JBP: I don’t know what my answer to that question is. I think I’m approaching it with a sense of hopefulness about our community and some changes at the University, but also a great deal of uncertainty, if I’m being honest, about what’s going to happen both on campus and in the world, mere days before the start of the semester.
In your commencement speech last year, you talked about the importance of showing each other grace, making space for difficult discussions, and looking beyond the controversies of the moment. We’re trying to do that at the Verdict. Do you have thoughts on our project, or what we as a community could do better to fulfill that vision of community?
JBP: Well, I think it’s great to have a place where people can come together and share ideas about law school and otherwise. I hope that Columbia students will continue talking to each other even when they disagree, whether that’s through the more formal structures of class or outside of it.
And I will say, although we had many challenges, I think the law school was better than a lot of other parts of campus with respect to people’s ability to engage substantively with people they disagreed with and to try to actively support other students. I’m hopeful that we can build on those successes. I recognize quite a lot of failures all around as well, and I don’t mean to gloss over those, but I hope people are coming back to campus with some sense of community and shared purpose that we can build on.
Do you think there’s something special about the law school community that led us to retain more of a sense of community?
JBP: I think law students tend to be mature, professional, and have an eye on the future in a way that maybe college students do not. But I would like to think that in addition to those sort of obvious demographic points, everyone who’s come to law school wants to think deeply about legal issues. There are ways we structure legal argument, legal debate, cases: having to argue one side, having to argue the other side, giving reasons for what one thinks.
There are things about the law and therefore legal pedagogy that lend themselves to genuinely considering someone else’s perspective and trying to figure out the strongest points another person is making, even when you disagree, even if only to respond to those points.

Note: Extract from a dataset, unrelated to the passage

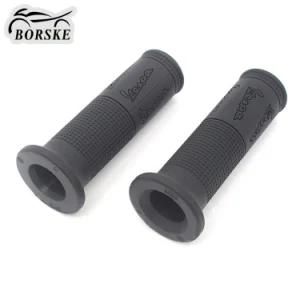 High Quality 22mm Motorcycle Handle Bar Grip Rubber Handlebar Grips for Vespa Parts
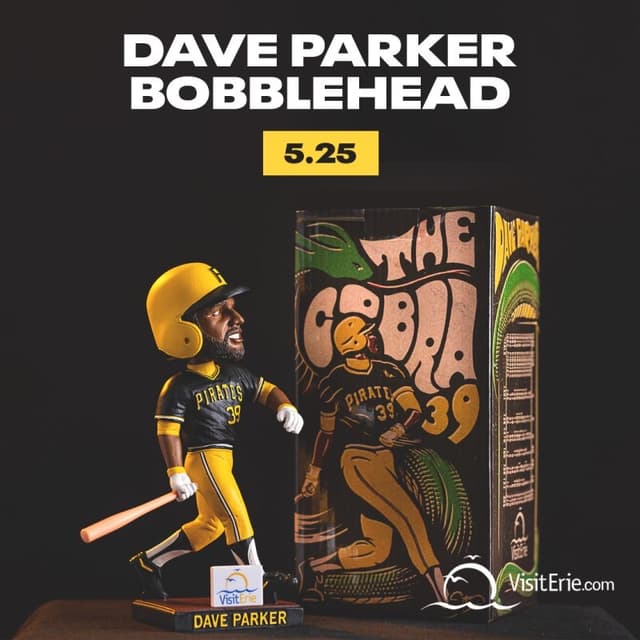 Dave Parker bobblehead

There are ways in which we structure our thinking that, I think, are conducive to having genuine conversations and maintaining community across disagreement. I don’t think we always do that, but there’s a real foundation that is special to law.
Why did you choose Columbia as a place for a career? Why would you choose Columbia today?
JBP: I chose to come to Columbia, and to stay at Columbia, mostly because of my tremendous colleagues. In the fields I work in, Columbia has the nation’s best faculty. And I don’t just admire my colleagues’ work; I genuinely like them and enjoy spending time with them, both those who were here when I joined the faculty and those who have been hired since. I’ve also been fortunate to have fantastic students from my very first semester through today. And it doesn’t hurt to have the benefits of the broader university and the city of New York. I’ve been very happy at Columbia, and I don’t ever plan to leave.
Thank you so much for sitting for this interview. We really appreciate your time.
JBP: Yes, thank you. Please edit out any nonsense I said and make it sound like I had a really sharp interview. And good luck with your first issue.
This interview was conducted by Charles Simonds, 3L, and Gloria Yi, 3L, and has been edited for length, clarity, and content.